The hero gets a scholarship to a prestigious boarding school, which thrills him for a boatload of reasons. He's an orphan, stuck in the foster care machine with no real hope of a future. So acceptance at this kind of place is a dream come true.
Until he actually gets there. And finds out that, while getting into the school IS just as difficult as the brochures claimed, getting out is even more difficult. Impossible, in fact. No one has ever left the school - at least, not alive. There are no teachers, no support staff, no adults at all. Just students who have a quasi-civilized gang system in place, watched over by the school's "administrators" who are more than capable of punishing from afar.
Our hero's goal is simple: to stay alive. To learn. To escape.
A lot of fun, and a book that kept me turning pages well past my bedtime, with some fun surprises thrown in to boot.

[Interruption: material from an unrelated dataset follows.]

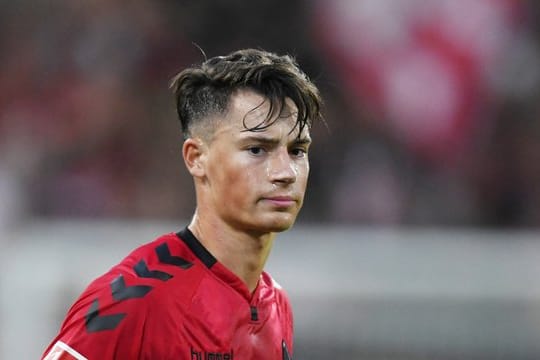 Hat sich am Knie verletzt: Freiburgs Robin Koch.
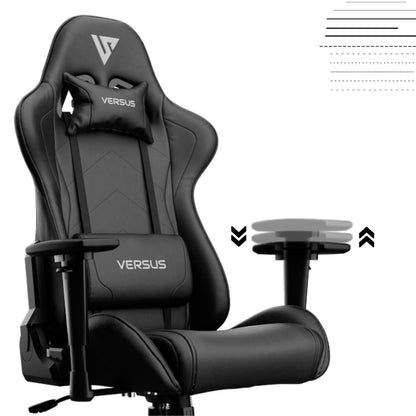 Silla Gamer Rider Negro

Why only four stars? Well that leads me to...
A story is a specific thing, with a beginning, a middle, and an end. The end has to resolve things - at least MOST things. And more and more books, particularly those in the YA section, seem to be simply STOPPING rather than legitimately ENDING. That is to say, they have a larger story, which is broken up into two or three or four or however many books. The first book gets through a large hurdle (in this case, the school escape issue), but never really RESOLVES the larger story - i.e., who was behind it all, and why, and what is the larger purpose, if any. Similar problems can be found in other big hits like James Dashner's THE MAZE RUNNER.
Again, I liked this book - a lot. I liked THE MAZE RUNNER. But when I get to the last page, turn it (or swipe my Kindle) and see only blank nothing, I feel a bit upset. It's meant to be a cliffhanger, but for me it has the opposite effect: if the storyteller can't truly end this part of the story - that is, provide a solid resolution to the major issues at play - then I'm not likely to pick up the other bits of story that come in the guise of "part 2," "part 3," "part Googly-Woogly," etc.
That being said, I'm still giving this one four stars because that's something that bugs ME and won't necessary bug everyone. Further, it did keep me reading, and I did buy everything that happened. I just wished there had been more of an ending to the ending.